Task brief.
Transcribe the following entries letter for letter, without the pictures.

####

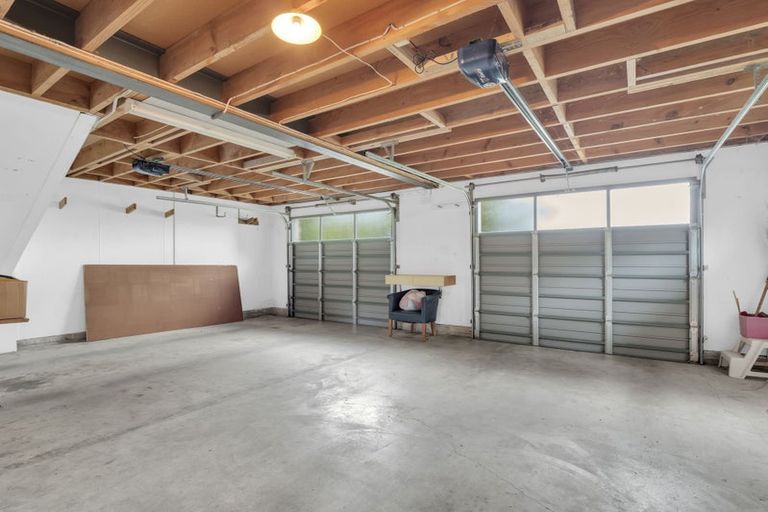 Photo of property in 10 Pollen Street, Woodville, 4920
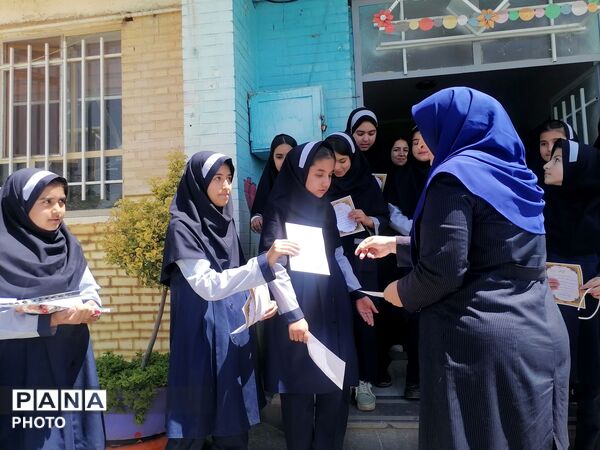 تجلیل از دانش آموزان برگزیده دبستان ناهید نخودی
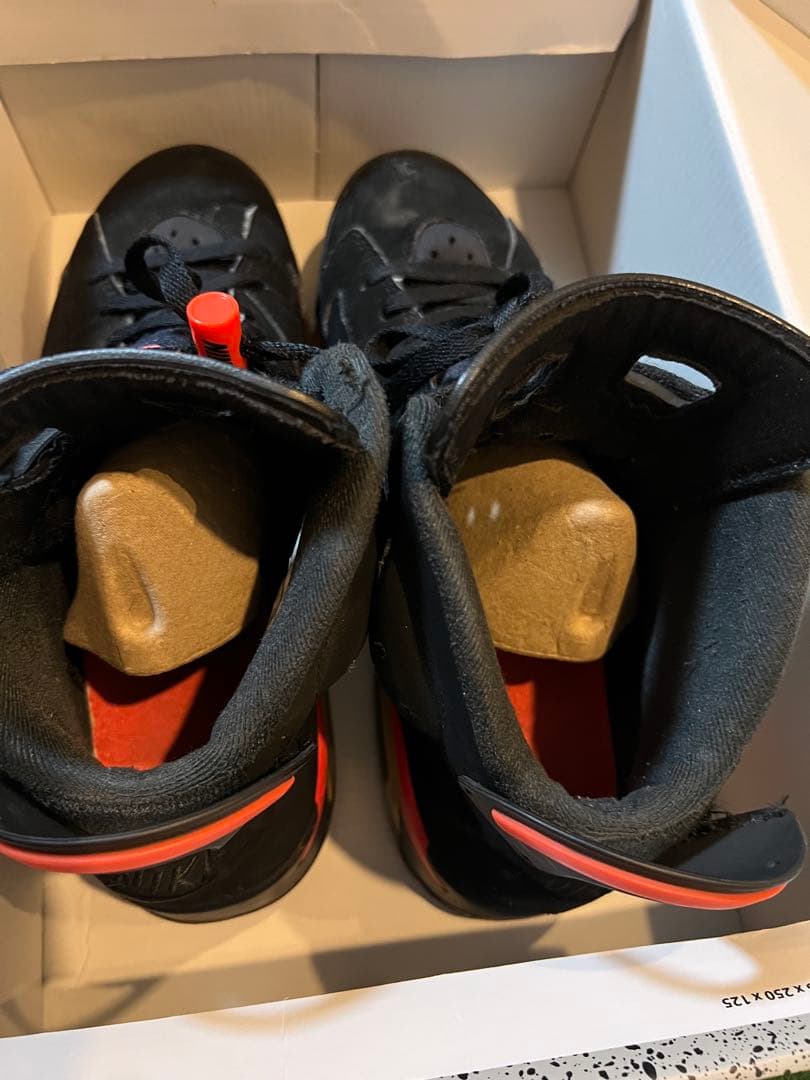 Nike Air Jordan 6 ブラック/オレンジ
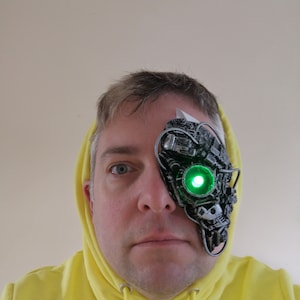 eye Cyberpunk borg style mask. (no straps) left sided.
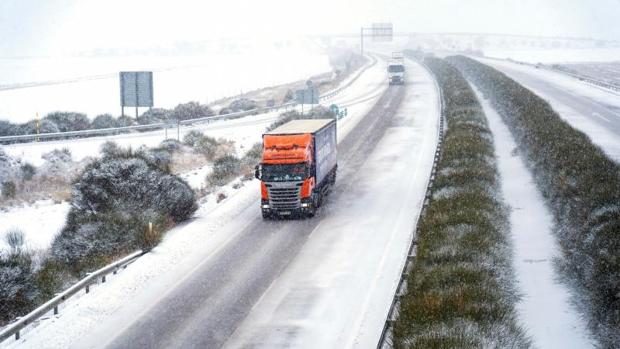 Los miles de camiones atrapados en toda la A-2 vuelven a circular, pero tienen prohibido entrar en Madrid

####

Solution for this exercise.
 Photo of property in 10 Pollen Street, Woodville, 4920
 تجلیل از دانش آموزان برگزیده دبستان ناهید نخودی
 Nike Air Jordan 6 ブラック/オレンジ
 eye Cyberpunk borg style mask. (no straps) left sided.
 Los miles de camiones atrapados en toda la A-2 vuelven a circular, pero tienen prohibido entrar en Madrid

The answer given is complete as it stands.